The guiding principle proposed by the Ministry of Psychology was that of historical games. And the government could be proud of itself for having adopted it. Even though the young Rousseau’s important comment underlining the necessity of auditory impressions worthy of the images was the basis for these productions, he could not claim to be the sole originator. It was the fruit of a collaboration in which Yranne and also the astronomer Zarratoff participated. The latter, as the mathematician had confided subtly to Betty, was in the process of undergoing a remarkable change: not only was he no longer a fierce opponent of the games, but he was often tempted to add a stone himself to help build up the edifice of psychology.
The first game in the series was in fact thought up by Yranne and Zarratoff when, by a stroke of luck, there was a conjunction of two different trains of thought. When Yranne went to visit his friend, still deep in thought about Rousseau’s sensible comment, he found him bent over his desk, in the meditative attitude he knew so well. But he was not buried in contemplation of an astronomical map but of a large cardboard rectangle, on which mobile pieces could be shifted around, some of them red and the others blue, representing warships belonging to two opposing camps. Zarratoff did not utter a word. He just made an imperious gesture with his hand, to signify that he was absorbed in studying a complicated scheme and that he did not want to be disturbed.
This did not unduly surprise the mathematician. He took a seat, and sat in silence on the other side of the table, also leaning on the sheet of cardboard, and without disturbing his friend’s meditation, he started to study the position of the pieces too, trying to work out the best possible move to enable the game to continue.
‘It?
??s blue’s turn to move,’ Zarratoff deigned to say.
‘Well, I’ll take red.’
It was a game from former times, which the two friends had recently discovered and, surprisingly, taken a liking to. For them it took the place of chess, the laborious combinations of which they now found boring as their interests had been developing in a new direction for some time.
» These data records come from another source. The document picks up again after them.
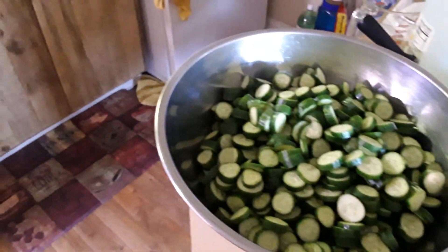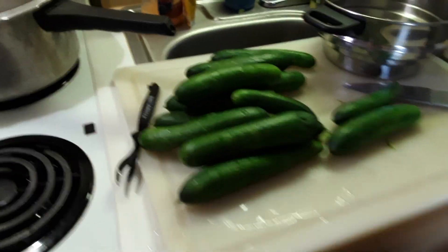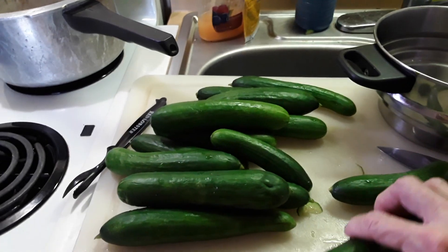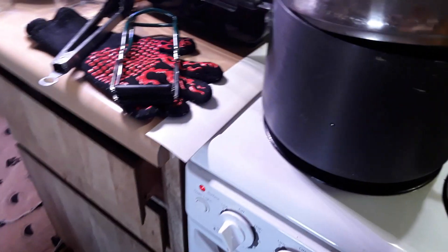Red and butter pickles. I have 11 pounds of cucumbers. They're Persian cucumbers. They don't have any wax on them and they're a little bit smaller than a regular one.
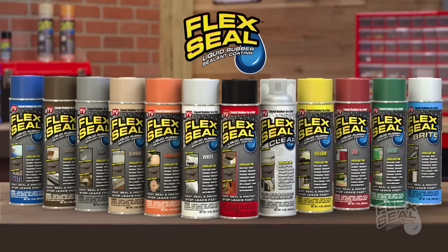You've got your Flex Seal and you're ready to go. But first, here's what you need to know.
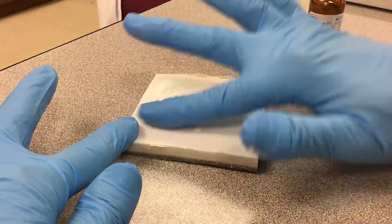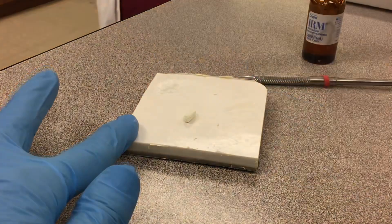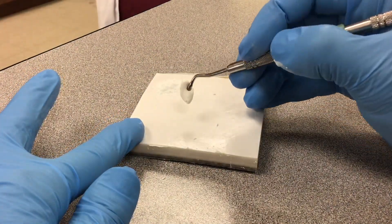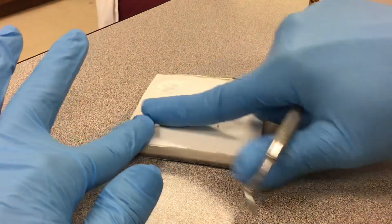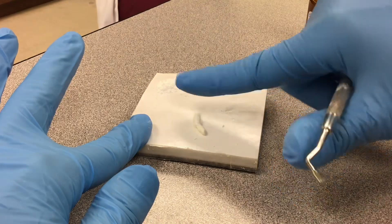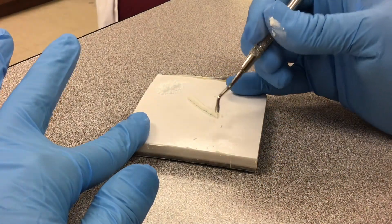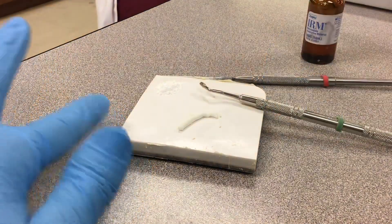Then I can actually do two things. If it's a huge filling, I can get my condenser, put it on my condenser and put it in the filling. Or, what we're doing — a base. What you do is roll it up to a little tiny ball, get a little bit off, and then go ahead and put in your base. This is CoE — the base of CoE.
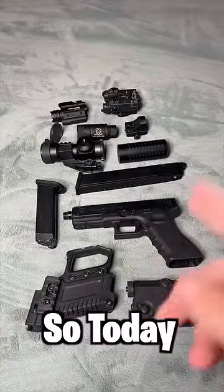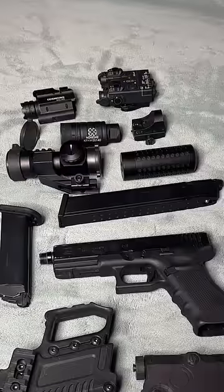Yo guys, welcome back to TS Blur. Today I decided to make the goofiest airsoft gun possible. I got a bunch of different attachments here and I'm going to put them together and see what we can come up with.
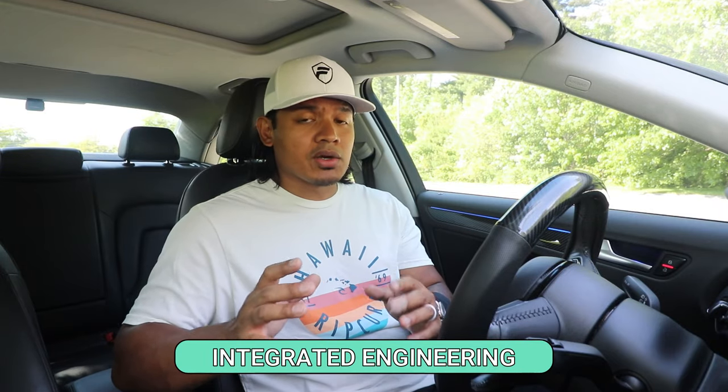Again, if you're interested in any performance parts for your Audi or VW, go check out IE Integrated Engineering — link in the description below. In my next video I'm definitely keeping with the theme of performance parts, so stay tuned because it's going to make a lot more power. I hope you guys enjoyed the video — if you did, hit like below. As always, make sure you subscribe and I will see you next time.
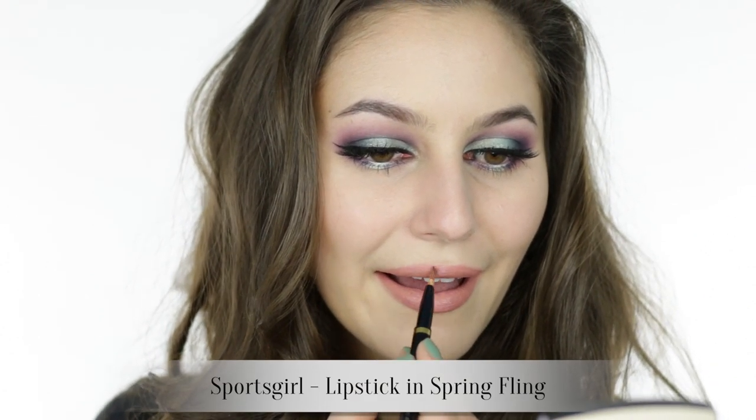By layering a nude and a coral lipstick you get a sort of coral nude. And here we have our final look! I hope that you learned something new today, or maybe even just got inspired. If you enjoy these bolder, more colorful looks, give me a thumbs up and let me know in the comments so I can do them more frequently.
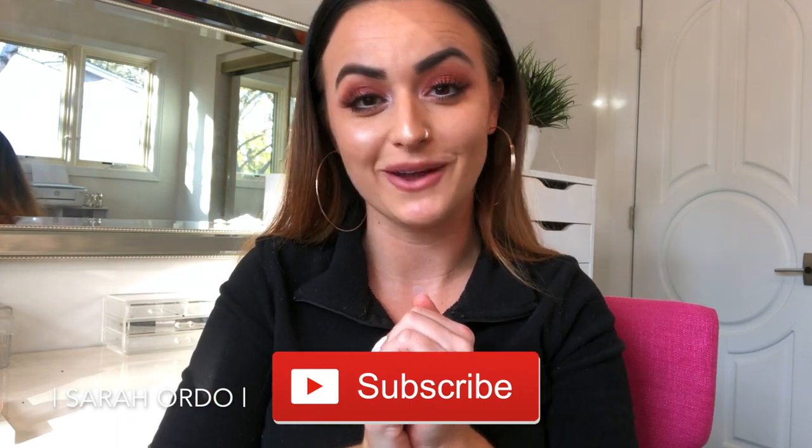But first of all, if you guys are new here, hello, I'm so glad you're here. If you are not subscribed yet, hit that subscribe button below and subscribe to my channel so you do not miss any of my other videos.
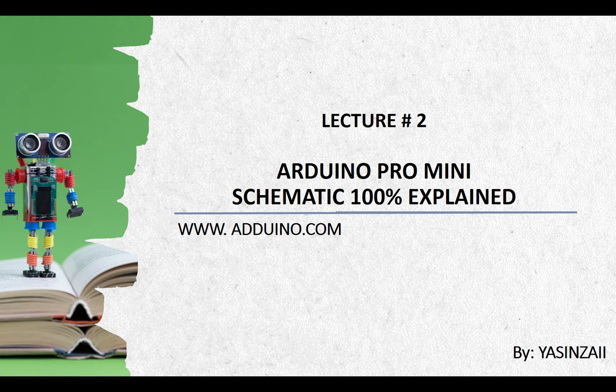Hello everyone, I'm Yasin Zai from Edwino.com and this is the second tutorial from the Arduino Pro Mini Core series. In this tutorial, I will give you a detailed explanation about the schematics of the Arduino Pro Mini board. You can turn on the subtitles if you have difficulty understanding my accent. In a previous lecture, we had a detailed introduction on the Arduino Pro Mini board, and I would recommend watching that video if you have missed it.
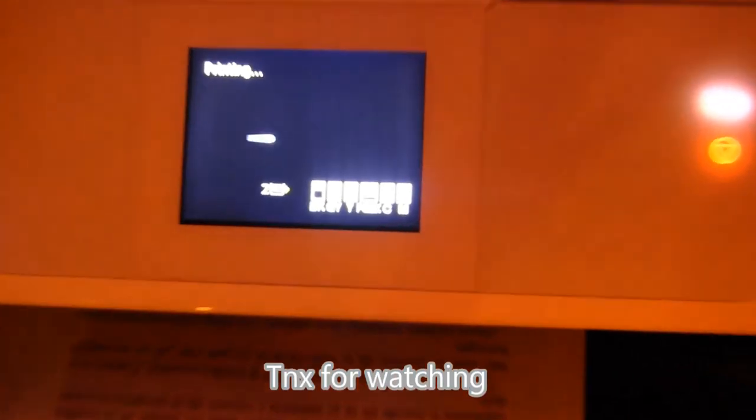That's all in this quick NFC demonstration video. Thank you for watching. Bye.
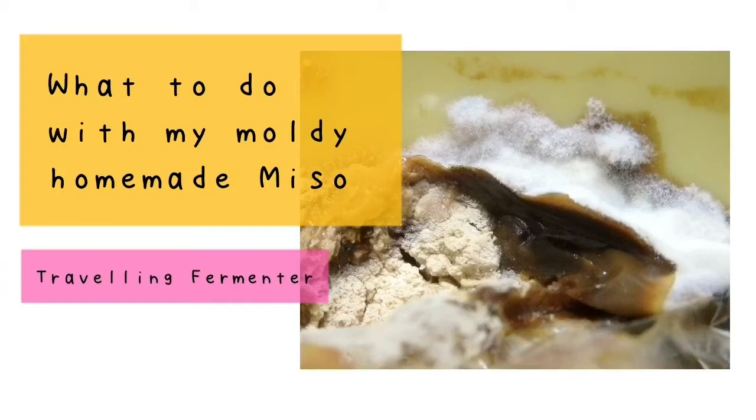Hi, this is Traveling Fermenter. Today I will show you what to do when you find something growing on the surface of your homemade miso.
The game continued in silence. Yranne, who was usually the winner, watched his ships sink one after the other and found himself obliged to give up, which he in fact did with good grace. At first Zarratoff was uncontrollably exultant, but then he showed surprise at his uncustomary lack of tact.
‘You gave it to me on a plate, right from your second move. You have to protect your aircraft carrier at all costs. It’s simple.’
Yranne recognised his blunder and apologised for it.
‘It’s because I’ve got something else on my mind,’ he said.
So he explained to him that he had been present the previous day at a strange meeting in the psychology laboratory, and he repeated to him Rousseau’s conclusions. The astronomer understood, shaking his head in silence, and then both of them became absorbed in new reflections, staring blankly at the sheet of cardboard.
‘Good God!’ Zarratoff said suddenly.
‘Of course!’ exclaimed Yranne.
Nobody ever knew in which of the two brains the spark was first ignited. What is certain is that the theme of the first historical game was developed in that moment and simultaneously an important point was established concerning the principle governing all such entertainments. The two scholars only needed a few words to communicate their flash of inspiration to each other and find an ordinary, practical way to realise it. As soon as that was achieved, Yranne picked up the telephone and called the psychology laboratory. Mrs Betty Han was there, involved in an animated discussion with Rousseau.